I believe that Andy Warhol wrecked art. It was shorn from any aesthetic worth. You can now erect any random object in art gallery and accrue millions. It was mollified to the point of inanity. Warhol made art cute and cudly. Gone was the passion and hubris of the Renaissance, the Romantics and the Surrealists. Art became as cute - and disposable - as a coca-cola bottle or a cuddly toy.

When Andy Warhol arrived on the scene, it changed art irrevocably. His ilk dominate the market. People who dominate this market know how to control precisely because they are business people, not artists. What they offer isn't art. It is a vacuous commodity to be sold for billions. Warhol turned art into an advertisement and commodity. It tapped into the free market in a jiffy. Warhol revelled in the inanity of the free market. Unlike a great painter like Caspar Friedrich, he didn't discriminate from the drudgery of contemporary life. He merely swallowed it and regurgitated more pointless drudgery. I would take any day an artist who forensically examines phenomena and selects the remarkable, the transcendent. We are saturated with rubbish all the time by advertising. We don't need to go the art gallery to see more of it. If you want to use art to comment or critique the inanity of advertising - that's great. You shouldn't, however, mimic it.

Andy Warhol

The fact remains that these are businesspeople, not artists. 'Artists' like Tracey Emin and Damien Hirst are seen as exemplary by David Cameron. They are business people working in the private sector who make billions. They are reticent to pay tax. They just want to accrue as much wealth as possible, spend it as lavishly as possible, gain cachet and surround themselves with a coterie of sycophantic yes-men. Thatcherites see them as exemplary because they have managed to have some influence on the free market. Like a truly great businessperson, they have made billions out of something farcical.

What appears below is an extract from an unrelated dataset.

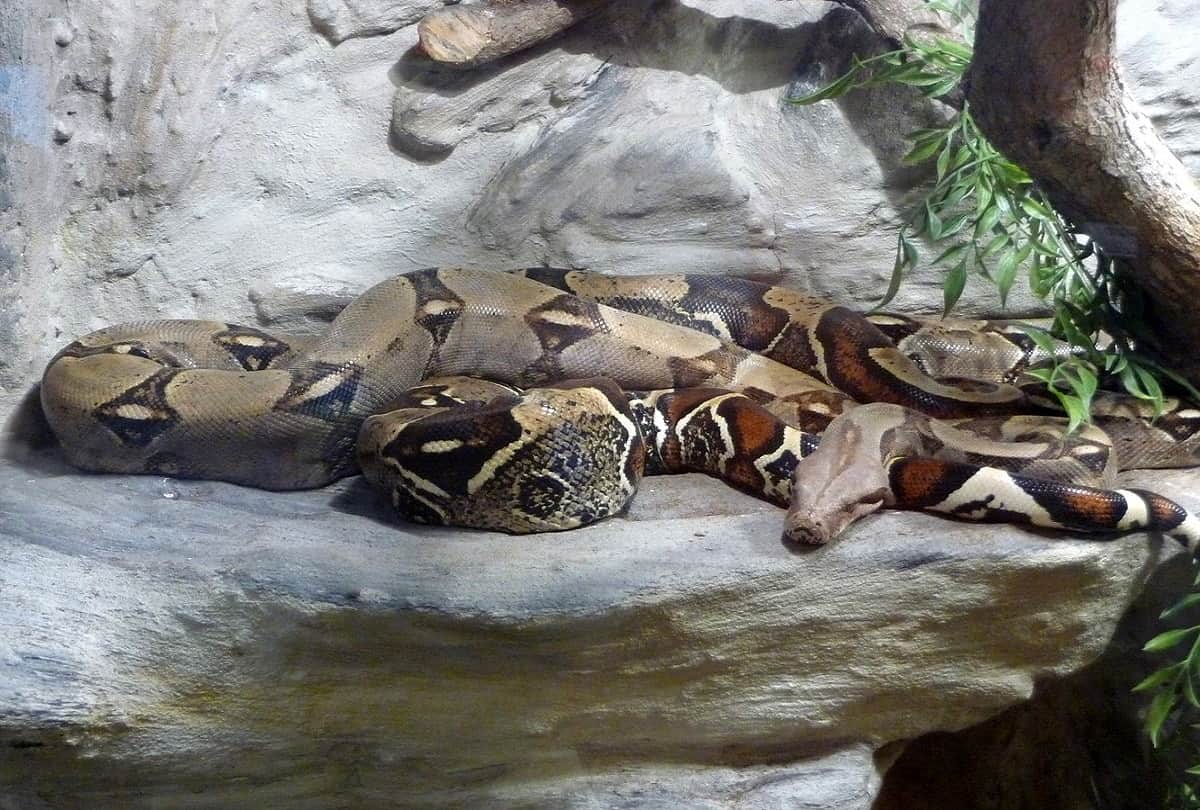 Female Boa Constrictor Species Snake No Need Males to Reproduce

There is a new breed of business fundamentalist/entrepeneur who is poisoning both culture and politics. It is the same sorry story as positivists and 'scientism,' but it is more sinister because it has a far wider reach. Business has to be applied to education. As soon as you sell education, it turns it into a worthless commodity. Education should be a right. Universities are now virtually shopping centres. With little wisdom or knowledge to impart, they are awash with business courses and shopping precincts. Ludicrously, they seem to have more clubs and dance halls than library space. Instead of teaching how to think critically or originally, universities just teach students to be consumers. This malign 'business positivism' has also crept into 'high' art. You don't sell art which tackles big social/existential/moral topics; you sell gimmicky products to be scrutunised by bearded hipsters.

These 'gimmicky products' are simply kitsch with no intrinsic value. What does an unmade bed or a shark in a tank have to say? The supposed commentary in these works are shallowly imputed by critics. They are not intrinsic to the art.

In the end of the day, this will all blow over. Hirst and Emin will die with a lot of money in the pockets, but they won't go down in time as great artists. Nor will Warhol. All they can do is create zeitgeists. Most of the trends of our time will not leave a slightest dent in history. Today's painters and artists who are trackling big important questions will be remembered. They might be unnoticed now, but their work will manage to transcend time. All the likes of Warhol, Hirst and Emin can do is to conquer the free market. It is ephemeral. The outsiders and fringe artists, people who are marginalised by the bloated art market, will go down as the great artists of our day.